| Activity |
Your answer must be an exact copy of the data below, minus any pictures.

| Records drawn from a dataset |
● ● ● ● ●

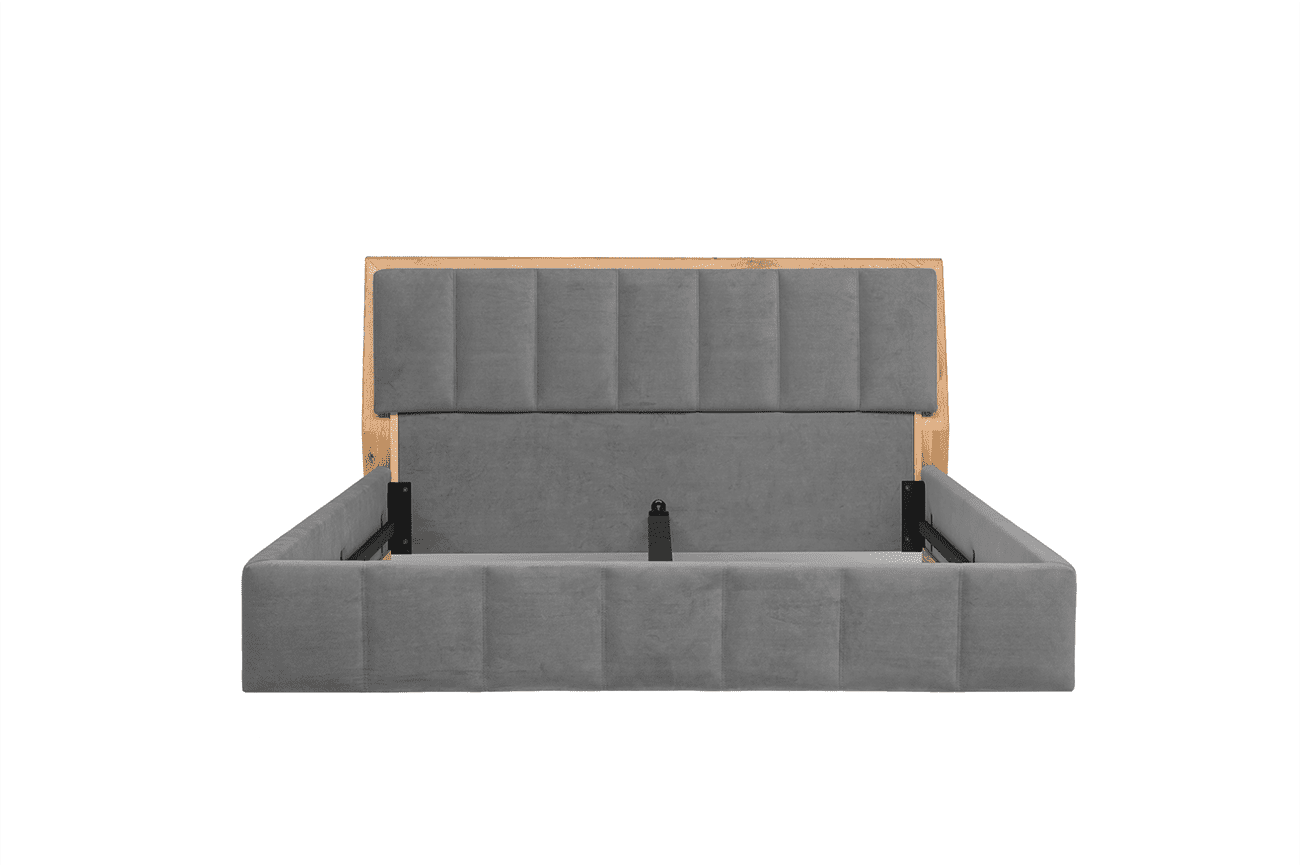 DESIGN Bed - Headboard Component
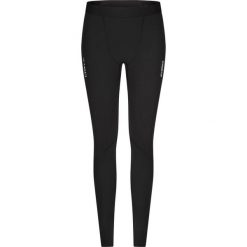Legginsy CEP Compression Core Thermal. Czarne legginsy długie sportowe CEP, bez wzorów, z elastanu, do biegania. Za 349.00 zł.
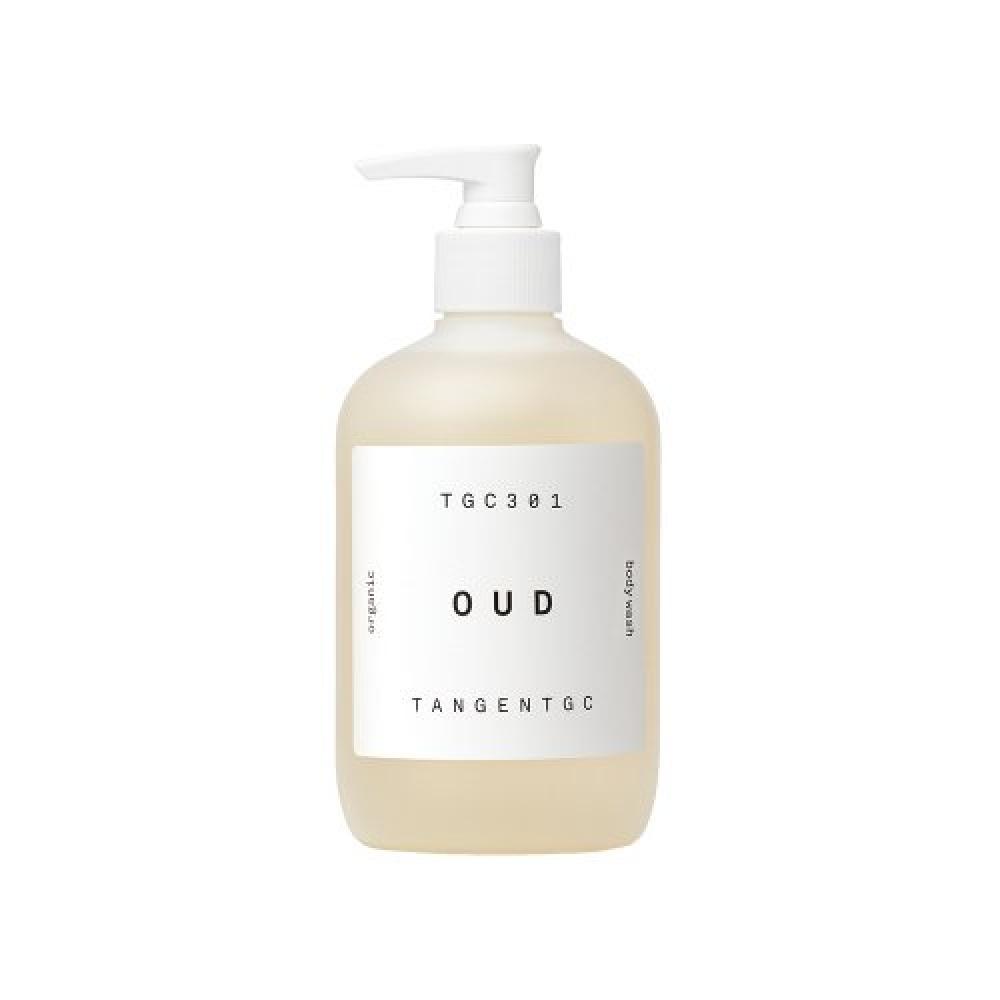 Tangent Gc Oud Body Wash 350ml FREE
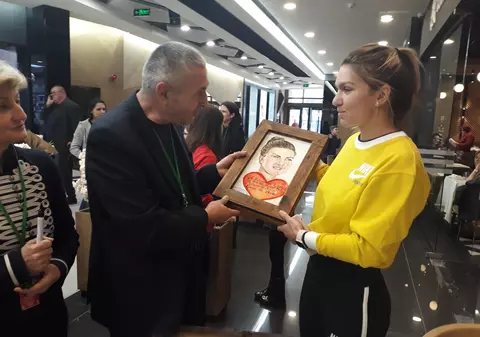 Simona Halep, tot pe locul 2 WTA. Poate reveni pe prima poziție mondială. Confirmă că a semnat cu Nike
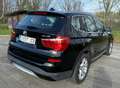 BMW X3 xDrive 30dA Schwarz - thumbnail 3
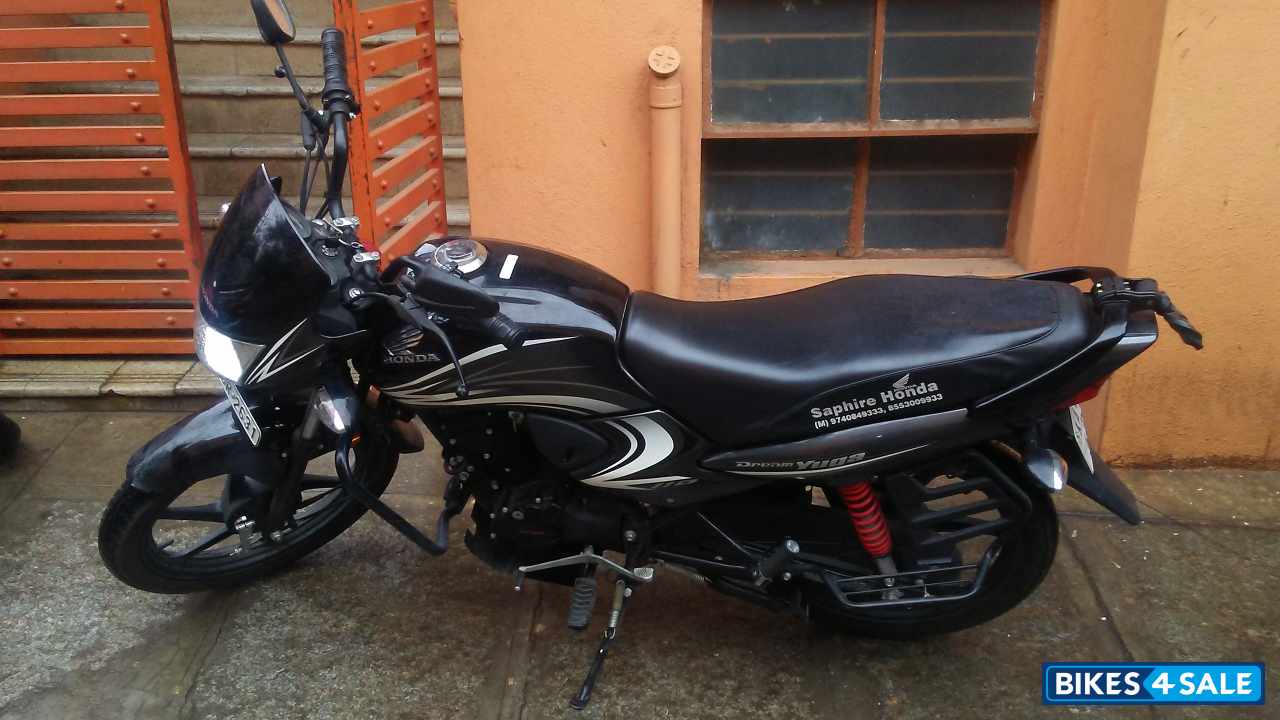 dream yuga bs6 model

● ● ● ● ●

| Exercise solution |
 DESIGN Bed - Headboard Component
Legginsy CEP Compression Core Thermal. Czarne legginsy długie sportowe CEP, bez wzorów, z elastanu, do biegania. Za 349.00 zł.
 Tangent Gc Oud Body Wash 350ml FREE
 Simona Halep, tot pe locul 2 WTA. Poate reveni pe prima poziție mondială. Confirmă că a semnat cu Nike
 BMW X3 xDrive 30dA Schwarz - thumbnail 3
 dream yuga bs6 model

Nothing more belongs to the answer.